Until now the internet was populated predominantly by human users. All the content was created and uploaded by a human, or at least a human was involved in the process.
However, times are changing. The internet is now being used as a way to connect more and more machines in an ‘internet of things’.
Many of these are used to measure, sense and detect things in the environment around them. It has been estimated that over 8.7 billion devices were connected to the internet as of 2012, which will rise to around 15 billion devices by 2015 and approximately 40 billion by 2020. Compared to the approximately 7 billion people on the planet, it indicates the massive growth in the number of internet enabled devices in our lives. The growth has been so significant that new ways of assigning addresses to devices have had to be implemented. The upgraded IP address system, IPv6, will allow many billions of billions more devices to be interconnected.
Image copyright © LG
Many companies over the years have been showing off their internet-enabled fridges and toasters; these however may only have limited use to their users, and are usually considered a bit of a gimmick.
More recently we have seen a rise in home smart metering. Devices are plugged into your electricity supply which monitor and record your energy usage. Further devices can be connected to home boilers and heating systems. These devices start to give more meaningful and useful data to their users as there is a direct benefit to them: to save energy and therefore money and resources.
This data can be used in a ‘live’ fashion, in that users can see their immediate energy usage and make changes if they think their consumption is too high. But the question is - too high compared to what? If you’ve been recording your own usage over a length of time, you can start to build up an idea of your energy habits, but still there is no way of knowing if your consumption is at a good level or not.

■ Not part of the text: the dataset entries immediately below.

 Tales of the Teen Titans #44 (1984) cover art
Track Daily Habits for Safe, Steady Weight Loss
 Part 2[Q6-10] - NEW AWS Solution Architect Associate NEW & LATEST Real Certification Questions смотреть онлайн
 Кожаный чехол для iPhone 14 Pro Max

Collecting vast amounts of data doesn’t necessarily mean that the data is useful. This is the difference between data and information. Data can be endless pages of numbers and values, but will mean nothing if it is not analysed and compared in some form. This is where the intelligence of the system comes in. Intelligence allows the system to both collect and analyse the data so that it returns information that is useful for the users.
More accurate models require more accurate and granular data. This is often called ‘big data’, where so much information is collected, the challenge is actually in processing the data rather than collecting it. Preferably the data sources are in a relatively close proximity to each other, creating a higher definition or more granular image of what is being measured.

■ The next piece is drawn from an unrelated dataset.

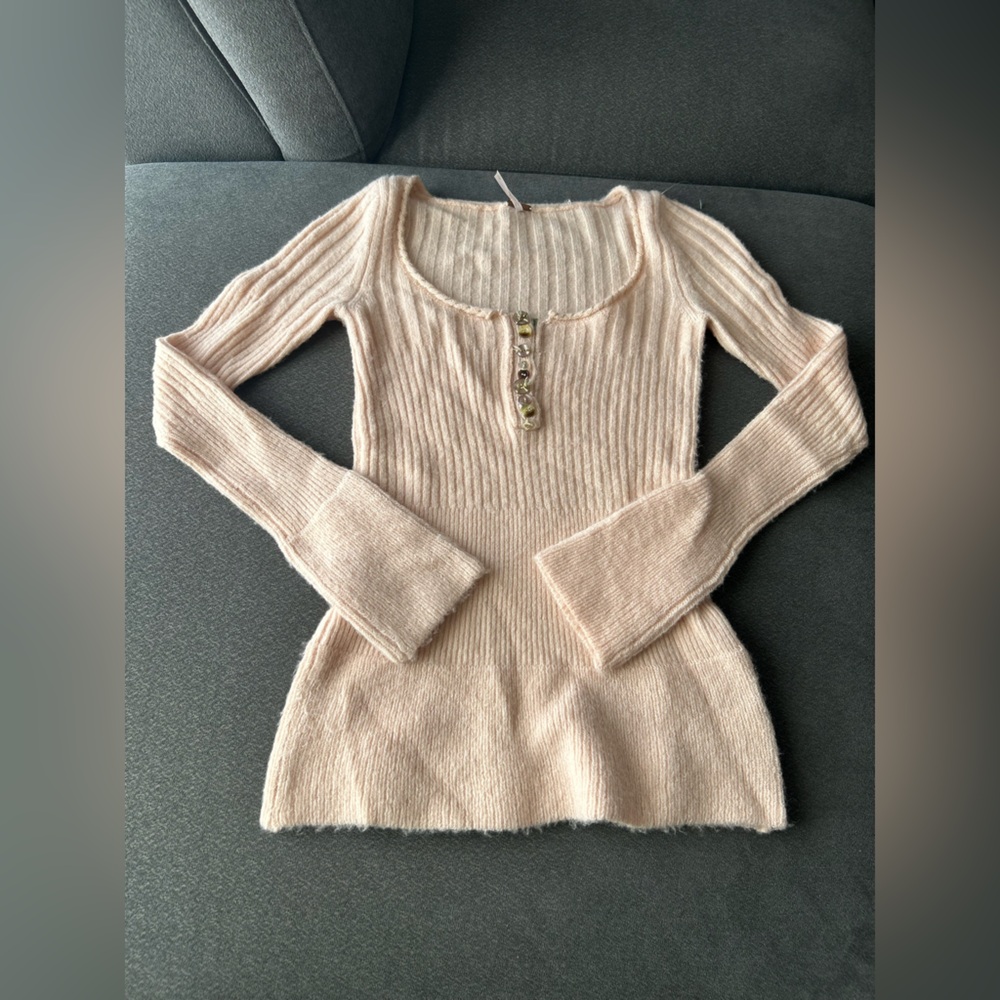 Free People - Long Sleeve Sweater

If, for example, the data from several thousand users is averaged according to location it could then be used to give you an idea of what your neighbours’ average usage is. This can introduce a very human response, such as a bit of healthy competition, trying to be the most efficient energy user in the locality.
Image copyright Nest
Once data is in a central location, even more analysis and modelling can take place. For example: how did energy usage change compared to the weather at the time? Did any large social events change people’s energy habits?
Energy companies can start to build up a picture of energy requirements according to the long range weather forecast or planned events globally or locally. Previously these things may have been considered, but the data needed to model and calculate them wasn’t available.

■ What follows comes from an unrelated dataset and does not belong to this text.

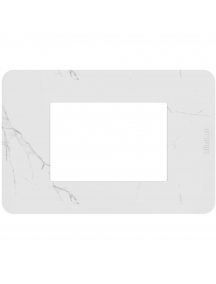 bticino JA4803EM placca matix go 3 moduli carrara bticino JA4803EM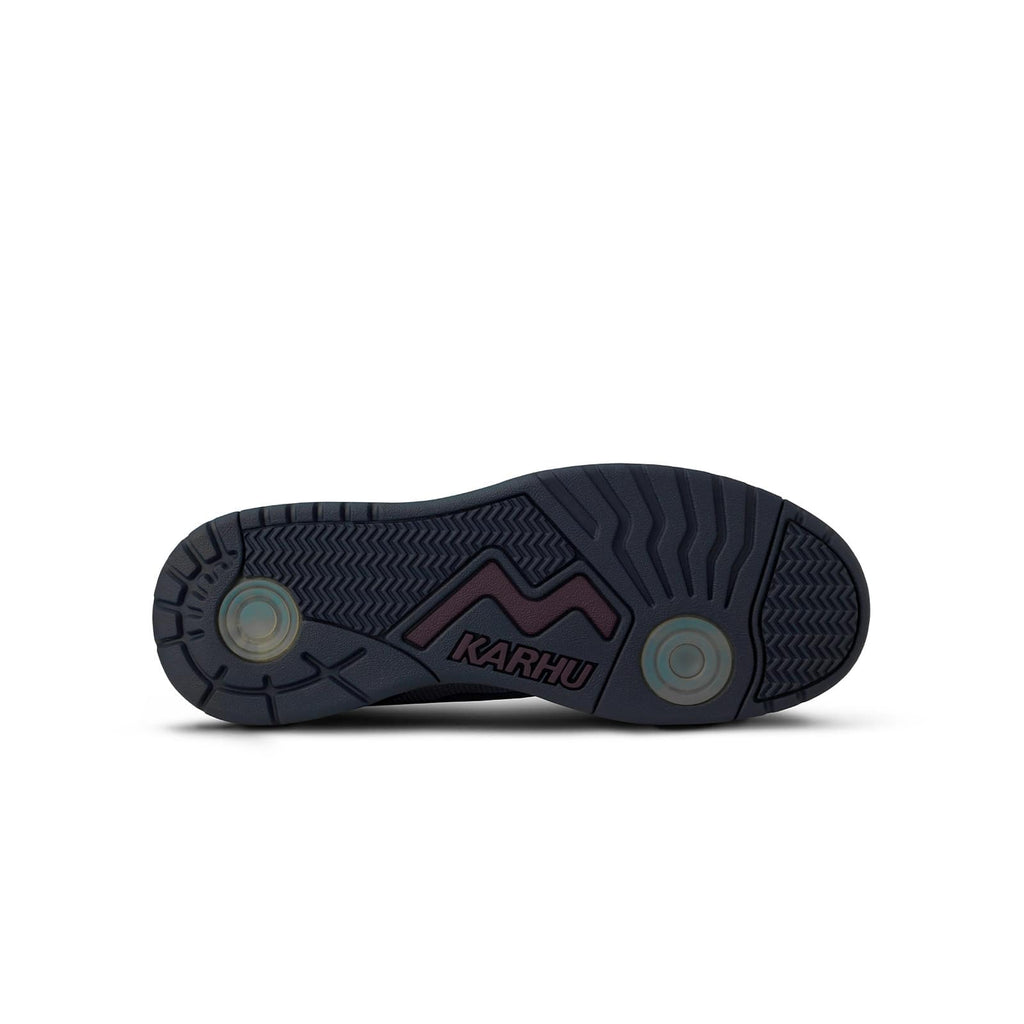 sneakers karhu Fusion XT bleu pour hommes vue de la semelle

As mentioned previously, analysis is only part of the intelligent system. An output or decision is required to make it a truly intelligent system. For example, using both the weather forecast and other users' distributed sensors to track a cold front across a city would allow a user’s heating system to automatically increase its output slightly to pre-empt the change in weather and save energy by not trying to heat a much cooler building. The opposite may occur if a rise in external temperature is detected, heating systems can taper down their output as the warm weather approaches.
While these systems are becoming more common in our homes, they are also being introduced into our cities.
Smart monitoring of lighting systems has been in place in many cities for a number of years. Some are more smart than others, ranging from the least intelligent time-based schemes such as dimming of lights between midnight and 5am, all the way up to motion activated lighting, detecting both vehicles and pedestrians, increasing lighting levels according to the amount of human and automotive activity. Many of these systems are also a bi-directional. Information is fed back to the local councils on not only the energy usage of the lights, but also running temperatures, lamp failures, overall running time and many other variables. This information can then be used to assist in preventative maintenance or respond faster to lamp failures and other unplanned maintenance events. Lighting systems already have an established network of power connections which makes it much easier to add some form of data network over the top, either wired or wireless.
The use of intelligent systems within cities is also expanding to new areas. Many smart city schemes are trialling schemes using a vast array of sensors across the city. Some measure environmental air quality, temperatures and many other factors to build up a better picture of micro climates within the city. This enables planners to investigate ways to improve their inhabitant’s quality of life.
An example of a very simple but effective scheme in Pisa, Italy, involves sensors embedded in parking spaces across the city, helping to guide people to free spaces faster. This directly reduces traffic problems and stress levels in visitors, resulting in a direct improvement in the wellbeing of both visitors and inhabitants of the city.
Some schemes don’t even need sensors and rely on crowd sourced data. Users utilise their mobile phones, already bristling with sensors and directly connected to the internet, to collect the necessary data.
These types of schemes will only get bigger, more accurate and more comprehensive as both the number of sensors and volume of data increases, but also as the processing power and capacity of servers increases, allowing data to be shared and analysed faster.
The future of the smart city is a very exciting prospect, allowing highly efficient use of all its resources, energy, water and social environments.